- _The input_:
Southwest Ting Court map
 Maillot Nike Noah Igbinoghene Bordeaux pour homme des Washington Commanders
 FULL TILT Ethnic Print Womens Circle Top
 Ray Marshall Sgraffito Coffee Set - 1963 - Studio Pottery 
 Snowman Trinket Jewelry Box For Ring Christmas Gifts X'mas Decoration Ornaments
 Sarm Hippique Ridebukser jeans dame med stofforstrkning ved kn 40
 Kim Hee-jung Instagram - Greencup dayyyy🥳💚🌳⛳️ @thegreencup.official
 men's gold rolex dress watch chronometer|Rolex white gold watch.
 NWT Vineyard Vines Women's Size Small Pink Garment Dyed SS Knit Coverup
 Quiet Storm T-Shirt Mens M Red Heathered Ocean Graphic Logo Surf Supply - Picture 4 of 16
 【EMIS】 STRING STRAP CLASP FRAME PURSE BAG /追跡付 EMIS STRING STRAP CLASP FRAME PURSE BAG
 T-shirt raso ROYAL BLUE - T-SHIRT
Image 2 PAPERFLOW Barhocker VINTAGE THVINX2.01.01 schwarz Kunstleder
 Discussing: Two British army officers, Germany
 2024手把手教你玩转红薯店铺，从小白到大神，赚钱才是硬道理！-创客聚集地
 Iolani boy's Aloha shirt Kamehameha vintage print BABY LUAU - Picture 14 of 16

- _Required action_: Retype exactly the span of lines from the one with "Kim Hee-jung Instagram" through the one with "EMIS STRING STRAP CLASP FRAME PURSE BAG"; include both ends and omit the rest of the material.

- _Answer for this exercise_:
 Kim Hee-jung Instagram - Greencup dayyyy🥳💚🌳⛳️ @thegreencup.official
 men's gold rolex dress watch chronometer|Rolex white gold watch.
 NWT Vineyard Vines Women's Size Small Pink Garment Dyed SS Knit Coverup
 Quiet Storm T-Shirt Mens M Red Heathered Ocean Graphic Logo Surf Supply - Picture 4 of 16
 【EMIS】 STRING STRAP CLASP FRAME PURSE BAG /追跡付 EMIS STRING STRAP CLASP FRAME PURSE BAG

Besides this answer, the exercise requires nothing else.